Biografie Bazel II

Het piëtisme
  • De aanleiding tot zijn latere verrassende contacten met piëtistische bewegingen had Barth al gegeven in KD IV 2 nl. in de § 66 “Des Menschen Heiligung” (blz. 565-695) i.h.b. de vierde sub-paragraaf “Die Erweckung zur Umkehr” die uitloopt op blz. 659-660 (“Es ist seine Umkehr, in der wir begriffen sind”).

  • Vlak voor Barth op 6 oktober 1959 met KD IV 4 begon had hij een goed gesprek met een groep Duitse en Zwitserse “Gemeenschapsmensen” dat een hele dag duurde”.

  • Barth begon met de herinnering aan zijn vroegere oppositie tegen het piëtisme, maar ook aan de piëtistische oppositie tegen hem!

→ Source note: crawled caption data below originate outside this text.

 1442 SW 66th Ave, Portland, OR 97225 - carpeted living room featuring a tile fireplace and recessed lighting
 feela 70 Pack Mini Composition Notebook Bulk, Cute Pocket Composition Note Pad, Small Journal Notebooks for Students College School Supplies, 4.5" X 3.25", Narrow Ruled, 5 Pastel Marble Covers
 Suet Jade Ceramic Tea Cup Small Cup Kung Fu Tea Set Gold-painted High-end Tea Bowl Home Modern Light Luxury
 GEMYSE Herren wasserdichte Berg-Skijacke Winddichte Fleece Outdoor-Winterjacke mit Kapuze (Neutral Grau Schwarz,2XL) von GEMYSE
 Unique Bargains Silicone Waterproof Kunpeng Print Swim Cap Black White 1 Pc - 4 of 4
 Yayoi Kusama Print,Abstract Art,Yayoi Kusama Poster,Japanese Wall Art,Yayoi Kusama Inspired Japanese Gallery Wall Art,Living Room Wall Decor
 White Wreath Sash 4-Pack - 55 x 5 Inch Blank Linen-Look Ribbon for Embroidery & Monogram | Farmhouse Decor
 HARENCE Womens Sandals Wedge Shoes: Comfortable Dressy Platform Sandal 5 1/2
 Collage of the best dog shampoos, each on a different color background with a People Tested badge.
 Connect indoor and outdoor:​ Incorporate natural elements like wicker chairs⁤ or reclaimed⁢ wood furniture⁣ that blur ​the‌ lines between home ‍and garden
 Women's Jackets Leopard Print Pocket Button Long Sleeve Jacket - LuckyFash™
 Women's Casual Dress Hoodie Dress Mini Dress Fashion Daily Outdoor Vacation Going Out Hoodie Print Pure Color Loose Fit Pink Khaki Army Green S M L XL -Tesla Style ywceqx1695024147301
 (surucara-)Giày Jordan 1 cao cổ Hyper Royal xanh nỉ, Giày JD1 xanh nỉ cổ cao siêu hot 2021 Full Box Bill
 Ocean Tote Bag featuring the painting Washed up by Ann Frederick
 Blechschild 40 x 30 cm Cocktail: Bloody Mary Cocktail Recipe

Maar hij vervolgde zijn inleiding met een poging een brug tussen de piëtisten en hem te leggen: “Het is een geluk dat wij allen met elkaar voorwaarts worden gevoerd. Wij spreken met elkaar in de zekerheid dat wij het over het wezenlijke eens zijn. Er is nu nog sprake van het uit de weg ruimen van misverstanden, niet meer van strijd”.

  • Er werd overwegend gediscussieerd over de kwestie van een duidelijke begrenzing en scheiding tussen gelovigen en ongelovigen. Barth kon het pathos waarmee zijn gesprekspartners in een dergelijke begrenzing geïnteresseerd waren, niet begrijpen en niet goedkeuren.

  • Op hun beurt wilden zij de eigenaardige relativering van deze begrenzing in de theologie van Barth niet accepteren, en daarom betwistten ze deze these van hem: “Wij gelovigen … moeten steeds opnieuw worden wat wij zijn … De anderen zijn al wat ze eerst nog moeten worden!”

  • Deze these gaf de grens aan waarbuiten een wederzijdse toenadering op het ogenblik niet mogelijk was.